BibaAndBoba package#
BibaAndBoba#
- class BibaAndBoba.biba_and_boba.BibaAndBoba(file_1: Union[str, bytes, BufferedReader, BinaryIO, BytesIO, TextIO], file_2: Union[str, bytes, BufferedReader, BinaryIO, BytesIO, TextIO], subtraction_threshold: int = 3, use_cache: bool = True, flush_cache: bool = False)#
Bases:
object
BibaAndBoba is a class that for analyzing two Telegram chat history files. It provides a methods to get the difference words, the frequency distribution of the difference words, and other parameters. Uses NLTK library to tokenize the messages.
BibaAndBoba.Reader
class is used to read the files.- __init__(file_1: Union[str, bytes, BufferedReader, BinaryIO, BytesIO, TextIO], file_2: Union[str, bytes, BufferedReader, BinaryIO, BytesIO, TextIO], subtraction_threshold: int = 3, use_cache: bool = True, flush_cache: bool = False)#
The __init__ function is called when an instance of the class is created. It initializes all the variables that are unique to each instance.
- Parameters
self – Reference the object itself
file_1 – Specify the first file
file_2 – Specify the second file
subtraction_threshold (int (optional)) – The threshold for the subtraction function, defaults to 3. It’s not recommended to use a value bigger than 3 unless you need to.
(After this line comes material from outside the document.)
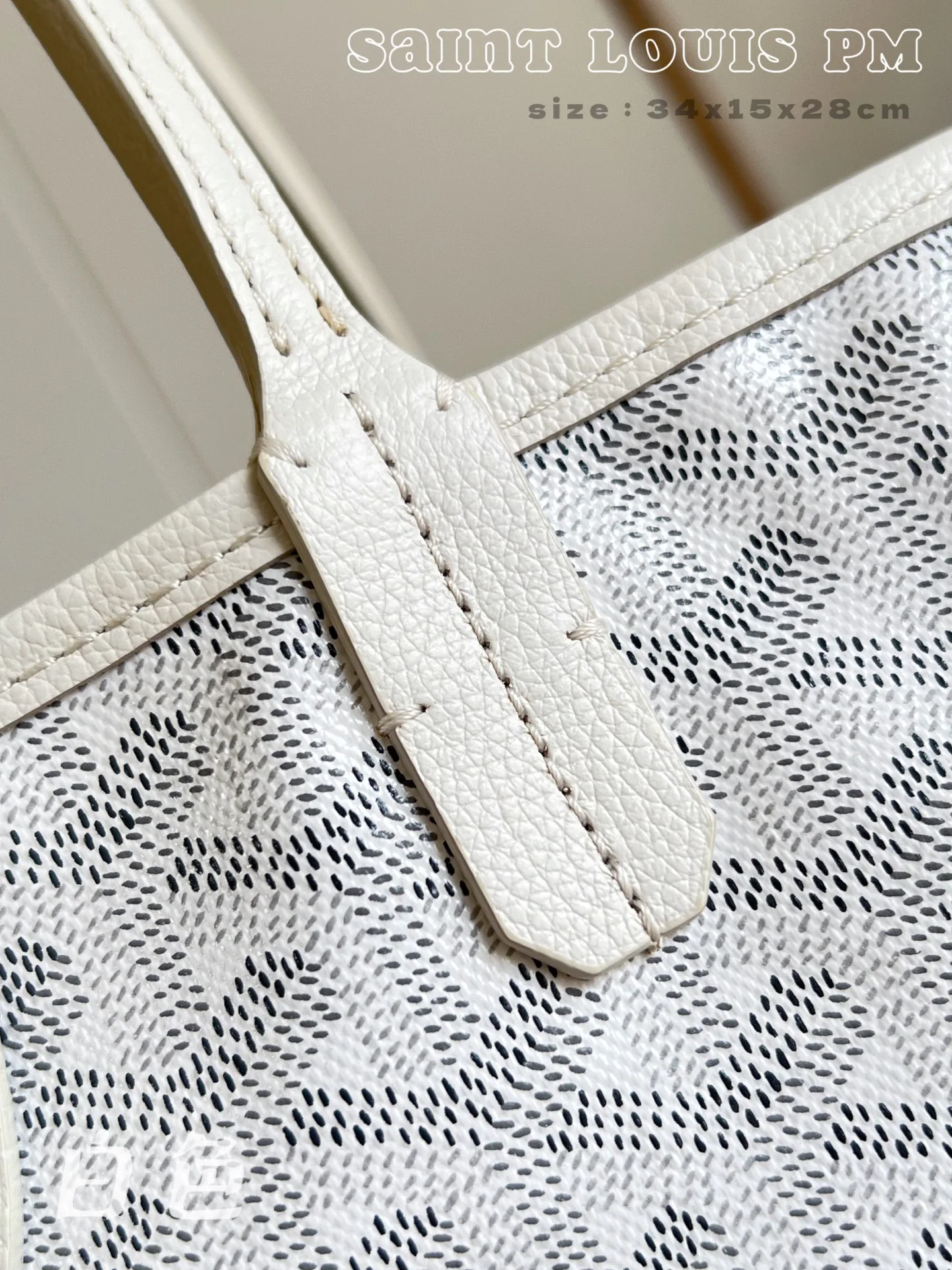 Women's Classic Handbags GOYARD 18278211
use_cache (bool (optional)) – Whether to use the cache or not, defaults to True
flush_cache (bool (optional)) – Whether to flush the cache or not, defaults to False
- Raises
ValueError: If files is identical
- get_difference_words() list[str] #
Returns a list of words that are in the first text but not in the second.
- Parameters
self – Access the attributes and methods of the class
- Returns
A list of words that are unique to the first person document
- get_name() str #
Returns the name of the object.
- Parameters
self – Refer to the object itself
- Returns
The name of the object
- get_tokenized_words_person_1() list[str] #
Returns a list of all words in the message sent by person 1.
- Parameters
self – Refer to the object of the class
- Returns
A list of all the words in the person 1 messages
- get_tokenized_words_person_2() list[str] #
Returns a list of all words in the message sent by person 2.
- Parameters
self – Access the class attributes and methods
- Returns
A list of all the words in the person 2 messages
- parasite_words(limit: int = 10) DataFrame #
Takes a list of words, counts the frequency of each word, and returns a
pd.DataFrame
with the most frequent ones.- Parameters
limit (int (optional)) – The number of words to return, defaults to 10
- Returns
A dataframe with the most common words and their counts.
Comparator#
- class BibaAndBoba.comparator.Comparator(person1: BibaAndBoba, person2: BibaAndBoba, limit: int = 10)#
Bases:
object
Comparator class is used to compare two people. It provides methods to get the correlation percentage of the two people and the words that are the same for both of them.
- __init__(person1: BibaAndBoba, person2: BibaAndBoba, limit: int = 10)#
- get_correlation() float #
The get_correlation function returns the correlation between two people.
- Parameters
self – Access the class attributes
- Returns
The correlation between the two columns
- get_same_words() set #
The get_same_words function returns a list of words that are the same for both people.
- Parameters
self – Access the attributes and methods of the class in which it is used
- Returns
A list of words that are the same as the word in question